Non-Fungible Token based Smart Manufacturing to scale Industry 4.0 by using Augmented Reality, Deep Learning and Industrial Internet of Things

Authors

  • Fazeel Ahmed Khan Department of Computer Science, International Islamic University Malaysia, Kuala Lumpur, Malaysia
  • Adamu Abubakar Ibrahim Department of Computer Science, International Islamic University Malaysia, Kuala Lumpur, Malaysia

DOI:

https://doi.org/10.31436/ijpcc.v9i2.407

Keywords:

Blockchain, Non-Fungible Token, Industrial Internet of Things, Industry 4.0.

Abstract

The recent revolution in Industry 4.0 (IR 4.0) has characterized the integration of advance technologies to bring the fourth industrial revolution to scale the manufacturing landscape. There are different key drivers for this revolution, in this research we have explored the following among them such as, Industrial Internet of Things (IIoT), Deep Learning, Blockchain and Augmented Reality.

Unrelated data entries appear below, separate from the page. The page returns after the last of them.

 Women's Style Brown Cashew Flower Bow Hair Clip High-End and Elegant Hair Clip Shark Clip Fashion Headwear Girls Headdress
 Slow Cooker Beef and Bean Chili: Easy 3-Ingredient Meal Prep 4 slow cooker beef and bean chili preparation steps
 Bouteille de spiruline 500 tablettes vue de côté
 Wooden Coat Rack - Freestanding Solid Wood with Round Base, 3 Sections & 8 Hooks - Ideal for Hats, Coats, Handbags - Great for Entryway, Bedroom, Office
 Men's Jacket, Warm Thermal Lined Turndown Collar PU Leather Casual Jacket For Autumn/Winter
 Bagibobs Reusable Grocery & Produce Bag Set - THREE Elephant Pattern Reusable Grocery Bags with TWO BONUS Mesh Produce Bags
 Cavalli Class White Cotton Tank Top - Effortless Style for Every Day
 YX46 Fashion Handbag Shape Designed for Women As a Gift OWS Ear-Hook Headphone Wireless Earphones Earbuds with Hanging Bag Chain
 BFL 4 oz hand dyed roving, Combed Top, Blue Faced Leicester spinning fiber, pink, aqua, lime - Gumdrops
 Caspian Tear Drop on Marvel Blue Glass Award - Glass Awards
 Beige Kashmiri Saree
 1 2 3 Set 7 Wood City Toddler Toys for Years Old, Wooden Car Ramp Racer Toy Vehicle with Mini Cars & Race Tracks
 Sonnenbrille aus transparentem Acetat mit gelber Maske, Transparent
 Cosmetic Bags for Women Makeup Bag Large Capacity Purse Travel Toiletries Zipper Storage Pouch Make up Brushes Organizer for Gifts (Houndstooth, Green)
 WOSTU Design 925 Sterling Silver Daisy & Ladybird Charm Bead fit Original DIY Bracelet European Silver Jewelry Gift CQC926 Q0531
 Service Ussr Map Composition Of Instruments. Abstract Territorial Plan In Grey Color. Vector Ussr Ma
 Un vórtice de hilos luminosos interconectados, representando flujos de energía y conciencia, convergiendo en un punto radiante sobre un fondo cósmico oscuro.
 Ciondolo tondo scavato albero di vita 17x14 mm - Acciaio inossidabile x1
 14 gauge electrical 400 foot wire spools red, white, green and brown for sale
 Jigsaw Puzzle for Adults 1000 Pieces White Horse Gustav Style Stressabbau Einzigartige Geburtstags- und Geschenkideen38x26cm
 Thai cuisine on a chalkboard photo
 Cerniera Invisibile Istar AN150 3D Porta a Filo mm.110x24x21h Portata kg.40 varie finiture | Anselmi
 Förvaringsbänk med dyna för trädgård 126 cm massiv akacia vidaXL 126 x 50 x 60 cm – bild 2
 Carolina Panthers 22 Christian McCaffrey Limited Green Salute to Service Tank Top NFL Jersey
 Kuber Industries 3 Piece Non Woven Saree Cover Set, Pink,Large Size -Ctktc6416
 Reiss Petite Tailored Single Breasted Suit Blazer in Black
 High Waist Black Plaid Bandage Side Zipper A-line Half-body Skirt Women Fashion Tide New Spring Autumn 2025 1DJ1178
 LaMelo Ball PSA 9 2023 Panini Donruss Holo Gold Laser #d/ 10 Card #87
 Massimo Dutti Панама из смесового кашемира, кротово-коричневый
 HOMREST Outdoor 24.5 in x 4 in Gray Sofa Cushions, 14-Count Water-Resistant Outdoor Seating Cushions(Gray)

The emerging concept from blockchain namely “Non-Fungible Token” (NFT) relating to the uniqueness of digital assets has vast potential to be considered for physical assets identification and authentication in the IR 4.0 scenario. Similarly, the data acquired through the deployment of IIoT devices and sensors into smart industry spectrum can be transformed to generated robust analytics for different industry use-cases. The predictive maintenance is a major scenario in which early equipment failure detection using deep learning model on acquired data from IIoT devices has major potential for it. Similarly, the augmented reality can be able to provide real-time visualization within the factory environment to gather real-time insight and analytics from the physical equipment for different purposes. This research initially conducted a survey to analyse the existing developments in these domains of technologies to further widen its horizon for this research. This research developed and deployed a smart contract into an ethereum blockchain environment to simulate the use-case for NFT for physical assets and processes synchronization. The next phase was deploying deep learning algorithms on a dataset having data generated from IIoT devices and sensors. The Feedforward and Convolutional Neural Network were used to classify the target variables in relation with predictive maintenance failure analysis. Lastly, the research also proposed an AR based framework for the visualization ecosystem within the industry environment to effectively visualize and monitory IIoT based equipment’s for different industrial use-cases i.e., monitoring, inspection, quality assurance.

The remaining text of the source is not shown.